The new facility has improved operating efficiency and relieved capacity constraints. As an important artery for Ethiopia, DCT has given Djibouti a competitive advantage in retaining its neighbor’s transit business.
Djibouti is the most suitable location for both domestic and Ethiopian transit cargo. The DCT provides the most comprehensive facility by far for hinterland container cargo, with the greatest berthing, the deepest water, the largest and greatest number of quayside gantry cranes, and the highest capacity.
Due to the enormous financial challenge represented by the construction of the new terminal, estimated at US$396m, the Islamic Development Bank committed to financing an Islamic facility for US$65m. It was proposed that OFID participate with a loan to the IsDB syndicated facility of US$15m. Project financing also involved Standard Chartered Bank, Dubai Islamic Bank and West LB.

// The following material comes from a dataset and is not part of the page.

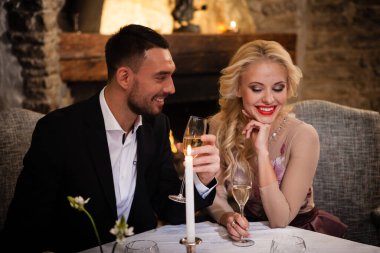 Romantizm ve flört konsepti. Şampanya bardaklı genç bir çift restoranda kutlama yapıyor ve kadeh kaldırıyor. İki kadın ve erkek şık bir gece elbisesi ve romantik bir akşam yemeği..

DCT is owned 33 percent by Dubai Port World Djibouti (DPWD) and 67 percent by Port Autonome International de Djibouti. DPWD is owned 100 percent by Dubai Port World (DPW), one of the largest container terminal operators in the world in capacity and geographical diversification.
DPW has a portfolio of more than 65 marine terminals across six continents, including new developments underway in India, Africa, Europe, South America and the Middle East. Container handling is the company’s core business and generates around 80 percent of its revenue.
According to Tareq Alnassar, Acting Head of OFID’s Private Sector Operations, annual transfer volume through the terminal is approximately 750,000 TEUs (Twenty-foot Equivalent Units).
“The main category of throughput is the transhipment business which represents 53 percent of TEUs, with imports and exports accounting for 24 percent and 21 percent, respectively. Of the import/export traffic, the bulk (80 percent) is to/from Ethiopia, with just 20 percent representing trade with Djibouti.”
Alnassar highlighted a recent agreement, under which the Chinese Government will finance the construction of the long-discussed new railway from Djibouti to Ethiopia. “Once completed, this will allow more efficient transport of bonded containers to and from Ethiopia,” he explained.
OFID has contributed to the challenge of eradicating poverty in the former French colony through job creation and increased trade at DCT. There is nothing that can hinder OFID in the pursuit of its noble mission.